Dublin had redeeming qualities other than the Guinness brewery. One was Sam, the Aussie who worked at the desk at the Bunkhouse Hostel, who led us bravely to the Temple Bar district each night. Also a plus was Booze2Go across the street, where you could buy off-license by shouting your order through glass at the staff, who would assemble your order and slide it to you in a drawer.
We also managed not to get hit by a bus, which I consider an accomplishment.
Other pluses for Dublin:
+ 24-hour Burger King stationed neatly between Temple Bar and our hostel. Good for both late night snacks and bathroom breaks on the way home.
+ Our introduction to the Lisbon Treaty issue, by banner-waving protestors outside the General Post Office, site of the 1916 uprising.
+ Hen/Stag-do season. This meant packs of women in bars dressed in matching t-shirts or Moulin Rouge getups, and men in the streets with feather boas and dresses.
+ First hearing ‘Galway Girl’, a song that would become a favorite on the ensuing road trip. Unfortunately the man who played it in the pub largely interpreted Traditional Irish Music to include John Mellencamp. And the Irish love Johnny Cash, specifically Folsom Prison.
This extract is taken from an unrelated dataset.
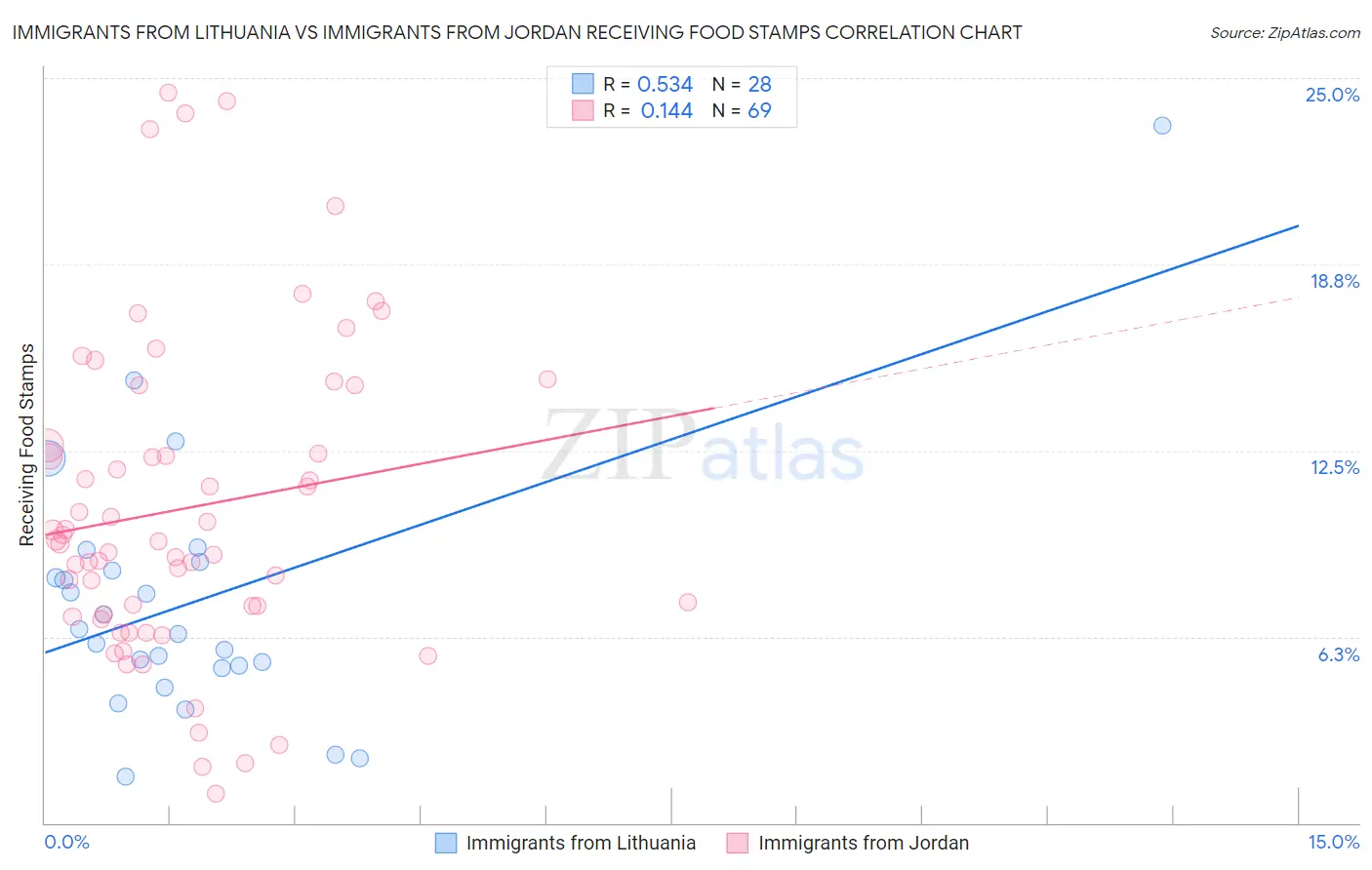 Immigrants from Lithuania vs Immigrants from Jordan Receiving Food Stamps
By the end of the weekend we were aching to get out of the city, and on Monday we got to pick up our rental car. Dustin picked up other-side-of-the-road driving quickly, which may or may not have been helped along by his philosophy that if you don’t know what you’re doing, just do it faster.
The car needed a name, and as we cruised out of Dublin, Dustin declared it “Squidget!”, a word presumably pulled from thin air. It sounded good, until the boys decided it wasn’t manly.
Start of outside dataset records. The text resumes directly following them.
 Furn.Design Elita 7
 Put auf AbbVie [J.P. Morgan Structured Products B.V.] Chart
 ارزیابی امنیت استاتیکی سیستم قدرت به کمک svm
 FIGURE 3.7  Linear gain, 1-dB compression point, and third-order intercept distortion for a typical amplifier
“It needs a middle name, like Crusher.”
“Yeah, or Thunderdome.”
The Thunderdome is a building in Dublin, whose name they liked to randomly say in a Hulk Hogan voice.
“But it’s Irish, so….O’Callahan,” Dustin concluded.
Our silver Ford Focus was thereafter known as Squidget Thunderdome Crusher O’Callahan. And it was good.
Keeping with the theme of giving slogans to countries, here’s another one:
Ireland: Hard On The Liver.
Also, one Dustin will appreciate:
Ireland: It’s Very Green Here.
Dublin, unfortunately, was awful. It wasn’t Dublin’s fault. It started out with me arriving on June 4th, expecting the boys would arrive June 5th, at 5:30 a.m. After waiting until noon with no sign of Jeff, Dustin or Mike, I sent a frantic facebook message saying WHERE ARE YOU, before realizing that they left the States on the 5th, and wouldn’t actually arrive in Ireland until the 6th. Oops. It was drizzly and awful all day, and instead of seeing anything I went to the theatre to watch Iron Man and eat popcorn to take my mind off my stupidity.
For the rest of the day I stressed about having nowhere to sleep the next night, because my hostel was going to be full, though after some cancellations I ended up being able to stay there anyway.
The next morning, the 6th, I got up fairly confident that the boys would arrive. I took my book to the hostel lobby around 7 a.m. and waited. Jeff showed up shortly afterwards, and I was so relieved it took a minute to realize he was alone.
Dustin and Mike were supposed fly from Buffalo to Boston where Jeff was waiting to catch the flight with them. They didn’t show, so he got on the plane by himself, after a quick call to dad saying “If Dusty calls, I went to Ireland”.
Right. Crap.
Mysteriously, a travel companion I didn’t even know about, Ben, showed up during breakfast. So at least there were three of us.
At 7 a.m. the next morning I went downstairs again, to find the missing two were downstairs having breakfast. Their flight from Buffalo to Boston had been cancelled, and they’d caught the same flight the next day.
Finally, everyone was in Dublin. And when in Dublin:

go to the Guinness brewery.
(The boys in order: Jeff, Ben, Dustin, Mike)
We checked the barley

(apparently Guinness buys two-thirds of all the barley in Ireland, and it’s all “of the highest quality”).
We learned how it’s brewed. We read the history. We tasted.
To get through Guinness, you travel up seven floors, on the top you get a free pint.

You have to wait until the beer is completely black before you drink it, or people will yell at you. Well, Ben will likely yell at you.